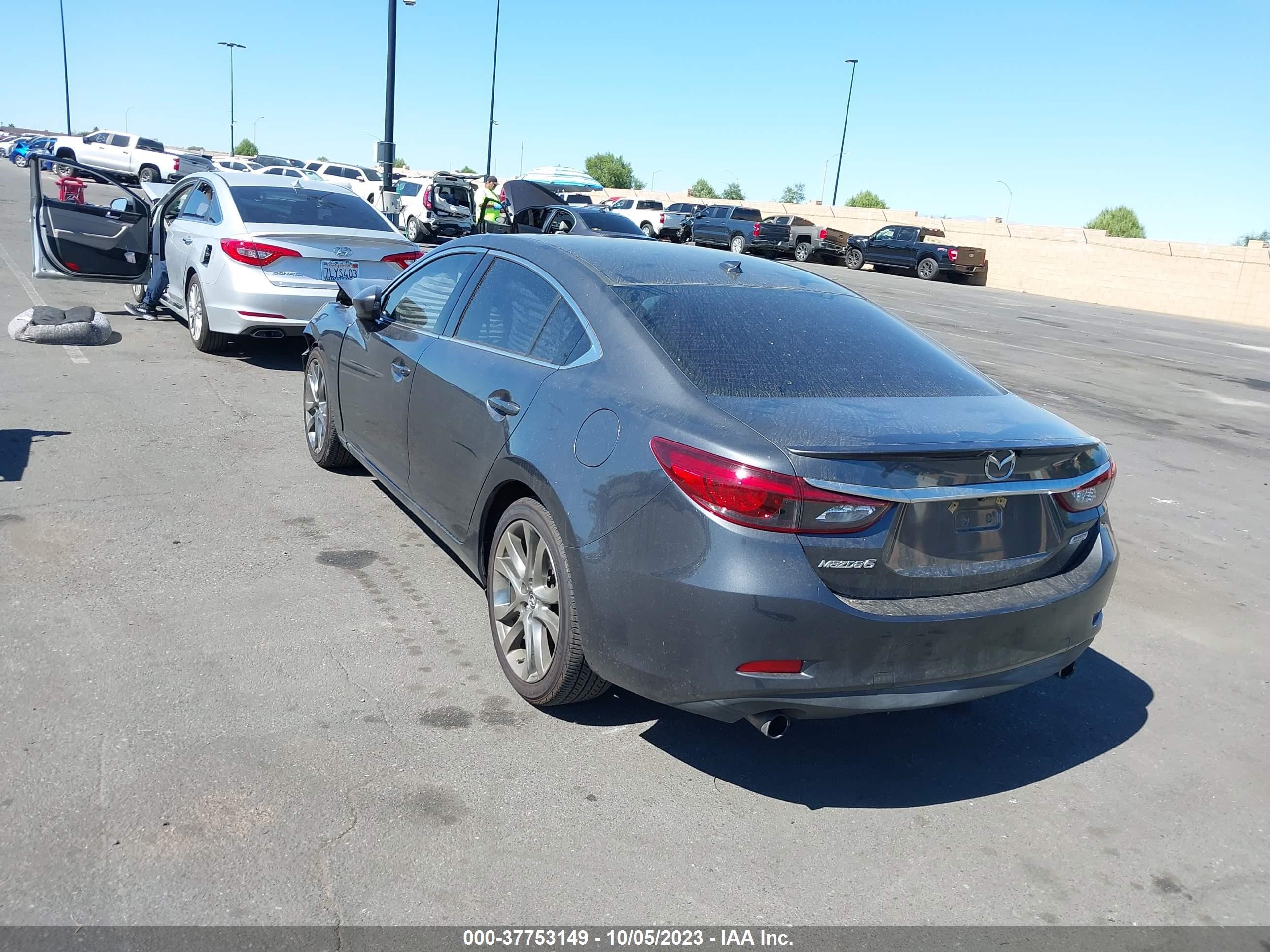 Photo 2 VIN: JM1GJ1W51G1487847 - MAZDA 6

---

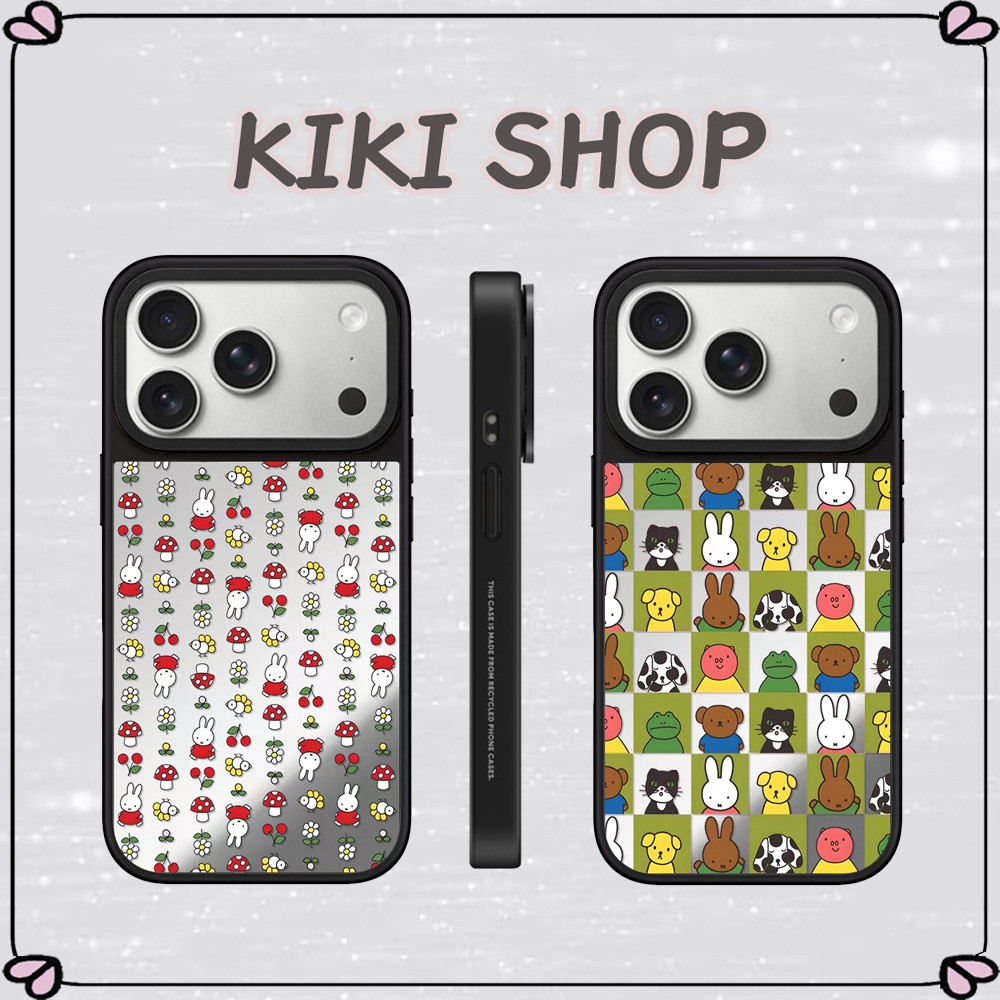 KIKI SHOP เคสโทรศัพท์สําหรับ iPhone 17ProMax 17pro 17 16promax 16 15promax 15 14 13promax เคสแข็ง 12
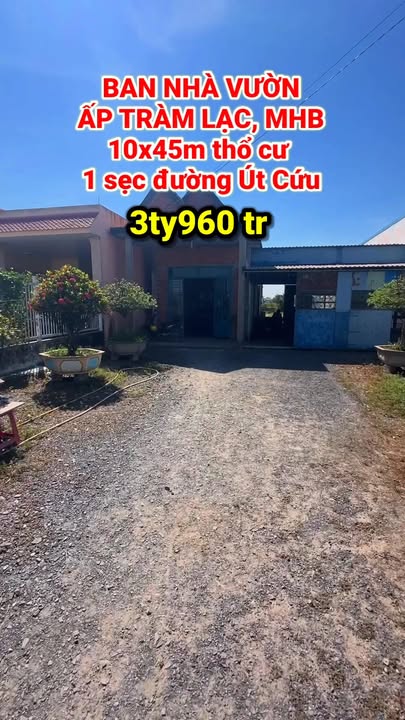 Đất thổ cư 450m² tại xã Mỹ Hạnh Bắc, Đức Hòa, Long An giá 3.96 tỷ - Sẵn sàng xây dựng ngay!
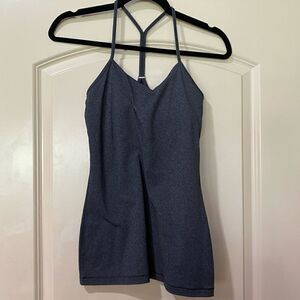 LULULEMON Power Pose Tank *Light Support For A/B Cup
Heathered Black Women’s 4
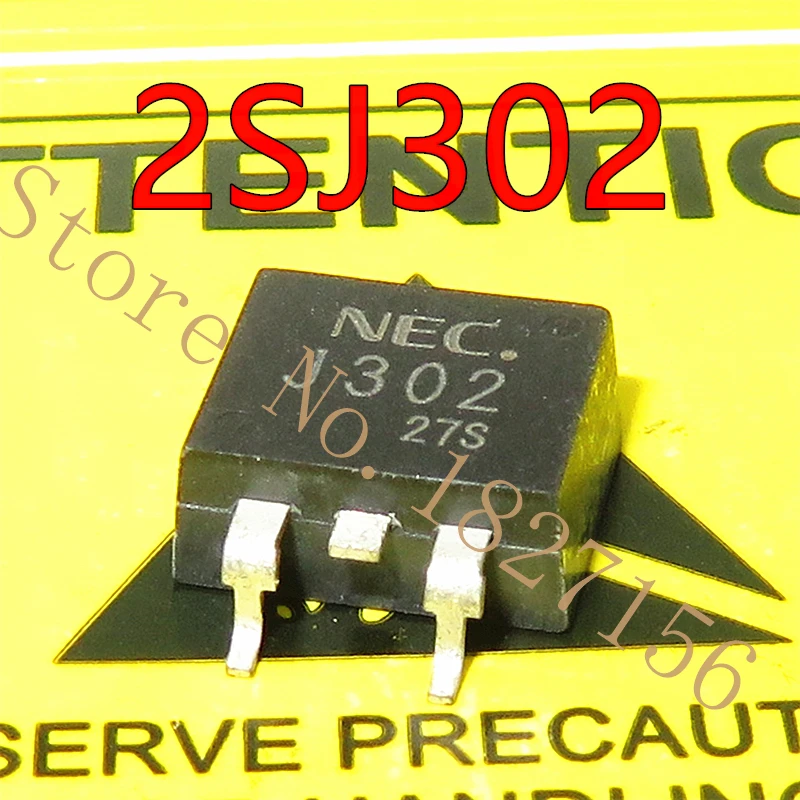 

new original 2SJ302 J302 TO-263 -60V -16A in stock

---

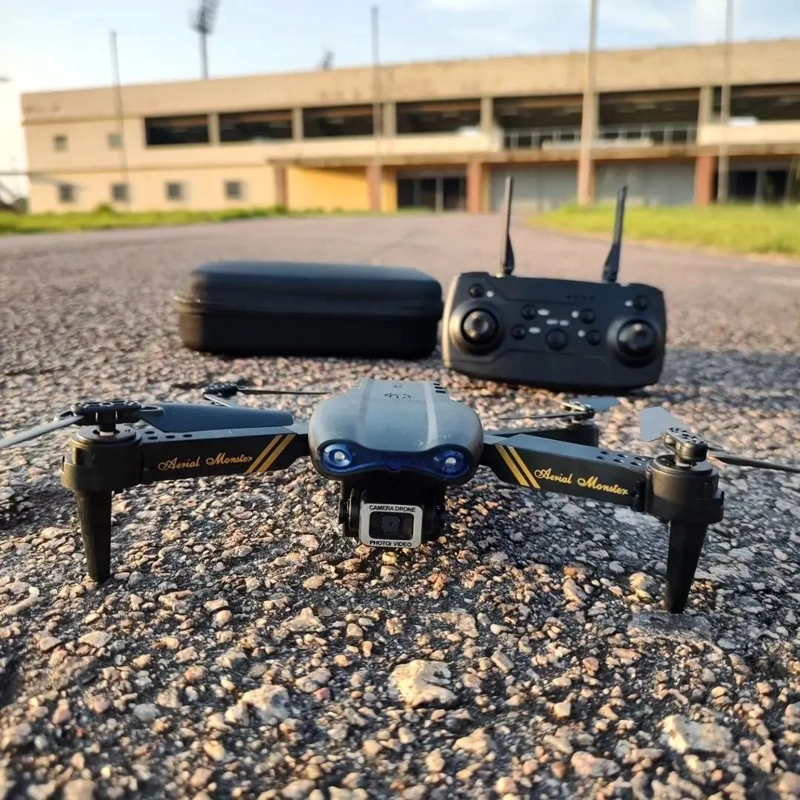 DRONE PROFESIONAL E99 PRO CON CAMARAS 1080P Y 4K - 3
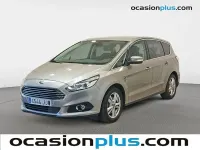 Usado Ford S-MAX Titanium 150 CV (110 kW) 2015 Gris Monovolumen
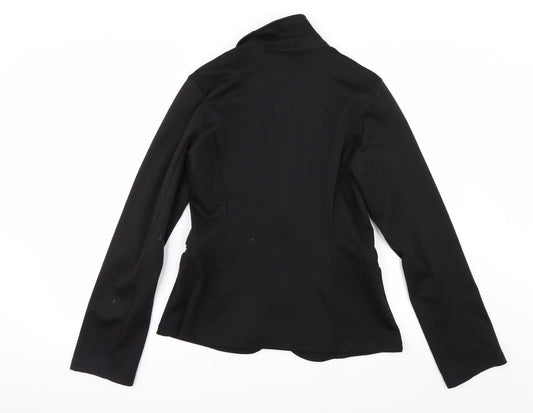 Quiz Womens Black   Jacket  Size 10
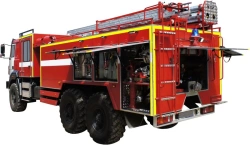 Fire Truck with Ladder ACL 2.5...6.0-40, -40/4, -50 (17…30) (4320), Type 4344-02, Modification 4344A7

_ACTIVITY_. Up in the listing, locate the line with "DRONE PROFESIONAL E99"; print it and every line after it down to the line with "Fire Truck with", which is included too. Skip the pictures.

_EXERCISE RESULT_.
 DRONE PROFESIONAL E99 PRO CON CAMARAS 1080P Y 4K - 3
 Usado Ford S-MAX Titanium 150 CV (110 kW) 2015 Gris Monovolumen
 Quiz Womens Black   Jacket  Size 10
 Fire Truck with Ladder ACL 2.5...6.0-40, -40/4, -50 (17…30) (4320), Type 4344-02, Modification 4344A7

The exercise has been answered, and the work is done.